### Aim of the task
Copy each of the records exactly.

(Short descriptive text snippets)
■ ■ ■ ■ ■

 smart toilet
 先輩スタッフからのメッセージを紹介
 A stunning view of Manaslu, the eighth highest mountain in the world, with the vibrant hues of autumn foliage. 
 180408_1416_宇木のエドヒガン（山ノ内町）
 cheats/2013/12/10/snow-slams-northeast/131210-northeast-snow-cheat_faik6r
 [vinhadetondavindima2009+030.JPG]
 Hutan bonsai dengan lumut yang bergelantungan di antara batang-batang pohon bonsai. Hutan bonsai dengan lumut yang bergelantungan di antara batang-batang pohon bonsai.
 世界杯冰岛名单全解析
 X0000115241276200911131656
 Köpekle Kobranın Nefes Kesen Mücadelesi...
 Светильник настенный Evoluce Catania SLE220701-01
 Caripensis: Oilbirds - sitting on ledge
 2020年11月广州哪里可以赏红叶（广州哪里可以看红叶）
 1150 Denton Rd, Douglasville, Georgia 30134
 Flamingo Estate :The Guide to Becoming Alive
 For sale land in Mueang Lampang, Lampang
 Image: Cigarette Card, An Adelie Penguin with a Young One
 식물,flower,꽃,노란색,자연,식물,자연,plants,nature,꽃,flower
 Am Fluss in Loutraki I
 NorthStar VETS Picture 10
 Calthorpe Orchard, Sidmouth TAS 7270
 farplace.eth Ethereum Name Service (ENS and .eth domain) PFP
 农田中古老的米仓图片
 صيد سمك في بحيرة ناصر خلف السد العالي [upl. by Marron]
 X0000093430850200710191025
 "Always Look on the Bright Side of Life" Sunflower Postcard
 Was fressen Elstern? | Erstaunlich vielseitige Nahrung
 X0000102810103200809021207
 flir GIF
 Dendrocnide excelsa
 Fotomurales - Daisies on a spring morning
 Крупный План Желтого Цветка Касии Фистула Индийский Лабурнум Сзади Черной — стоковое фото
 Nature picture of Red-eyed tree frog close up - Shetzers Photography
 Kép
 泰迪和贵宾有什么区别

■ ■ ■ ■ ■

### Answer area
 smart toilet
 先輩スタッフからのメッセージを紹介
 A stunning view of Manaslu, the eighth highest mountain in the world, with the vibrant hues of autumn foliage. 
 180408_1416_宇木のエドヒガン（山ノ内町）
 cheats/2013/12/10/snow-slams-northeast/131210-northeast-snow-cheat_faik6r
 [vinhadetondavindima2009+030.JPG]
 Hutan bonsai dengan lumut yang bergelantungan di antara batang-batang pohon bonsai. Hutan bonsai dengan lumut yang bergelantungan di antara batang-batang pohon bonsai.
 世界杯冰岛名单全解析
 X0000115241276200911131656
 Köpekle Kobranın Nefes Kesen Mücadelesi...
 Светильник настенный Evoluce Catania SLE220701-01
 Caripensis: Oilbirds - sitting on ledge
 2020年11月广州哪里可以赏红叶（广州哪里可以看红叶）
 1150 Denton Rd, Douglasville, Georgia 30134
 Flamingo Estate :The Guide to Becoming Alive
 For sale land in Mueang Lampang, Lampang
 Image: Cigarette Card, An Adelie Penguin with a Young One
 식물,flower,꽃,노란색,자연,식물,자연,plants,nature,꽃,flower
 Am Fluss in Loutraki I
 NorthStar VETS Picture 10
 Calthorpe Orchard, Sidmouth TAS 7270
 farplace.eth Ethereum Name Service (ENS and .eth domain) PFP
 农田中古老的米仓图片
 صيد سمك في بحيرة ناصر خلف السد العالي [upl. by Marron]
 X0000093430850200710191025
 "Always Look on the Bright Side of Life" Sunflower Postcard
 Was fressen Elstern? | Erstaunlich vielseitige Nahrung
 X0000102810103200809021207
 flir GIF
 Dendrocnide excelsa
 Fotomurales - Daisies on a spring morning
 Крупный План Желтого Цветка Касии Фистула Индийский Лабурнум Сзади Черной — стоковое фото
 Nature picture of Red-eyed tree frog close up - Shetzers Photography
 Kép
 泰迪和贵宾有什么区别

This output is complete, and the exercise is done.